O roteiro será retomado já na próxima segunda-feira (06), quando a unidade móvel estará na Linha Lenz. E na quarta-feira, dia 08, na Linha Wolf. A unidade percorrerá ainda as comunidades de Novo Paraíso (dia 13); Delfina (14); Arroio do Ouro (manhã 15/09) e São Jacó (tarde 15/09); Linha Wink (22) e Linha Geralda (23). Pessoas que estão com outras vacinas em atraso, com exceção da Covid, também poderão buscar a unidade móvel para deixar sua carteira em dia. Vale lembrar que a vacina pode ser feita sempre na Unidade Básica de Saúde Central, no Bairro Oriental. Esta funciona diariamente das 13h às 19h.

História

A Febre amarela é uma doença febril aguda, causada por um arbovírus (vírus transmitido por mosquitos). Os primeiros sintomas são febre, calafrios, cefaleia (dor de cabeça), lombalgia (dor nas costas), mialgias (dores musculares) generalizadas, prostração, náuseas e vômitos. Após esse período inicial, geralmente ocorre declínio da temperatura e diminuição dos sintomas, provocando uma sensação de melhora no paciente. Em poucas horas – no máximo, um ou dois dias – reaparece a febre, a diarreia e os vômitos. Cerca de 20% a 50% das pessoas que desenvolvem febre amarela grave podem morrer. Assim que surgem os primeiros sinais e sintomas é fundamental buscar ajuda médica imediata.
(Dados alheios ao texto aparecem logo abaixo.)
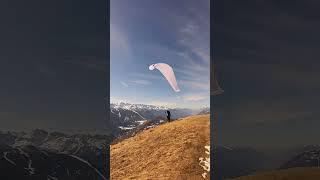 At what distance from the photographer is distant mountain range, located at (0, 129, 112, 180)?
13.4 meters

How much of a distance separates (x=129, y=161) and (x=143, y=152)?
864mm

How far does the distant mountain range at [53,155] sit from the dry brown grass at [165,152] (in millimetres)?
5140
Os casos de Febre Amarela no Brasil são classificados como silvestres ou urbanos, sendo que o vírus transmitido é o mesmo. A diferença entre elas é o mosquito vetor envolvido na transmissão. Na urbana, o vírus é transmitido pelos mosquitos Aedes aegypti ao homem, mas esta não é registrada no Brasil desde 1942. Na silvestre, os mosquitos dos gêneros Haemagogus e Sabethes transmitem o vírus e os macacos são os principais hospedeiros; nessa situação, os casos humanos ocorrem quando uma pessoa não vacinada entra em uma área silvestre e é picada por mosquito contaminado.
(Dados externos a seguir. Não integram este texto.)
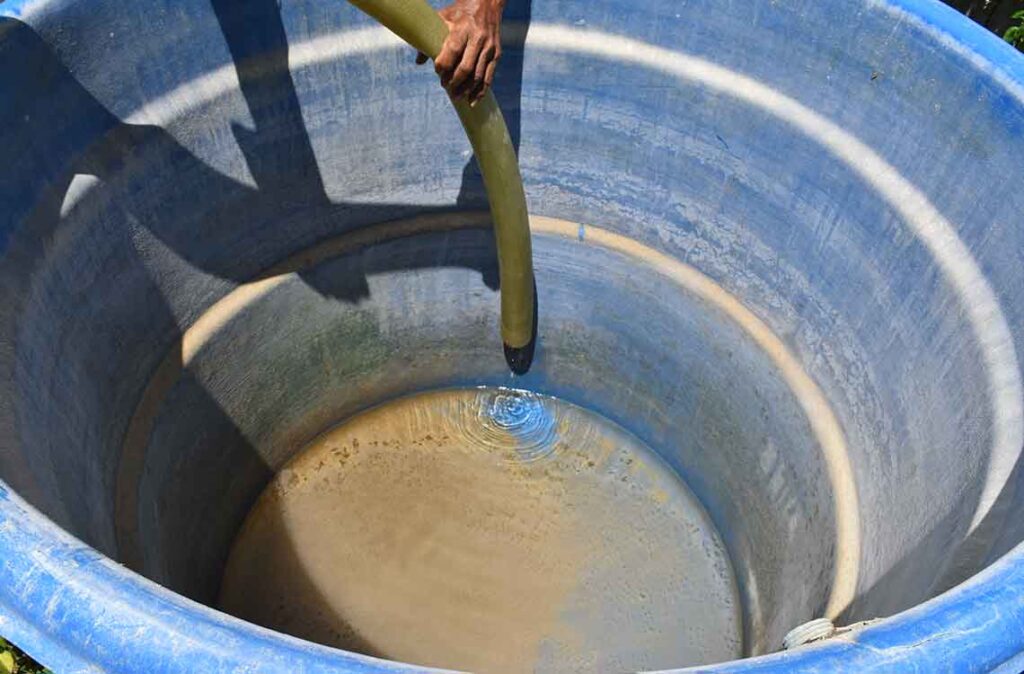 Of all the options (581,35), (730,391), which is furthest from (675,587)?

A maior frequência da Febre Amarela ocorre entre os meses de dezembro e maio, período com maior índice de chuvas, quando aumenta a proliferação do vetor, o que coincide ainda com maior atividade agrícola. A vacina é a principal ferramenta de prevenção e controle. Desde abril de 2017, o Brasil adota o esquema vacinal de apenas uma dose durante toda a vida, sendo que a pessoa que recebeu uma dose da vacina antes de completar (5) cinco anos está indicada à dose de reforço, independentemente da idade que tiver. Essa medida está de acordo com as recomendações da Organização Mundial de Saúde (OMS).